Friday 29 July 2016

Pope Francis Visits Auschwitz Concentration Camp during Poland Trip

Krakow: On Friday, Pope Francis visited the Nazi concentration camps of Auschwitz-Birkenau, prayed for the dead and spent solitary times. The Auschwitz camp has seen the killing of more than 1.1 million people, mostly Jews, when Poland was Nazi occupied.


The pope is on his five-day Poland visit to mark 1050 years of Poland’s adoption of Christianity.
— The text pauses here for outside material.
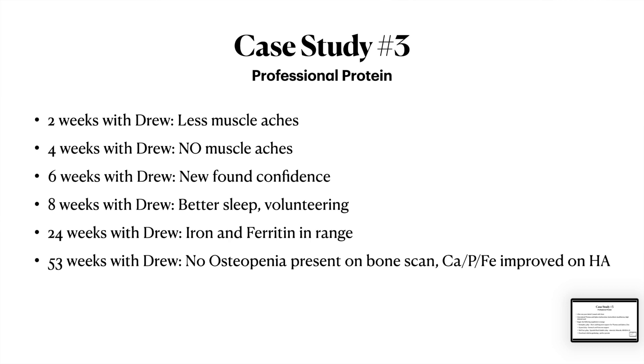Six weeks in — newfound confidence. She always felt unsteady on her feet, and now she felt way more steady. I think it's because she was developing muscle mass in her legs. I also think Mintran does wonders for confidence — she was on four a day. Eight weeks in: better sleep. Thank you, Mintran. And now she's volunteering at her church — she went from being tired and sore to saying, 'My garden's great, I don't hurt, and I've got time to volunteer.'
It was the third day of his visit when the pontiff went to the extermination camp, met the camp survivors, kissed them on their cheeks and spoke to them softly, as reports revealed.
Following his predecessors, Pope Benedict XVI Pope John Paul II, Pope Francis visited the Nazi concentration camps at Auschwitz but refrained from speaking about the sufferings and dismays.   
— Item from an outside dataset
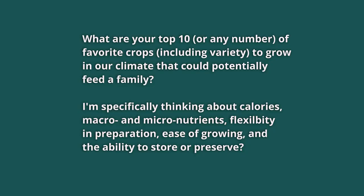Hi everyone, welcome to another Q&A with Kareen. This week's question I thought would be appropriate as we move into the growing season. Julie asks: what are your top 10, or any number of favorite crops, including variety, to grow in our climate that could potentially feed a family? She's specifically thinking about calories, macro and micronutrients, flexibility in preparation, ease of growing, and the ability to store or preserve. In other words, if the shit hits the fan and we have limited time to devote to a garden but need to feed a family, what would you recommend?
“I would like to go to that place of horror without speeches, without crowds – only the few people necessary. Alone, enter, pray. And may the Lord give me the grace to cry,” the Pope said before starting his five-day long journey. Reports are that the pontiff wrote only a sentence in the Auschwitz guest book: “Lord, have pity on your people. Lord, forgive so much cruelty.”

Earlier on Thursday, the Pope attended the World Youth Rally and urged kindness for the migrants.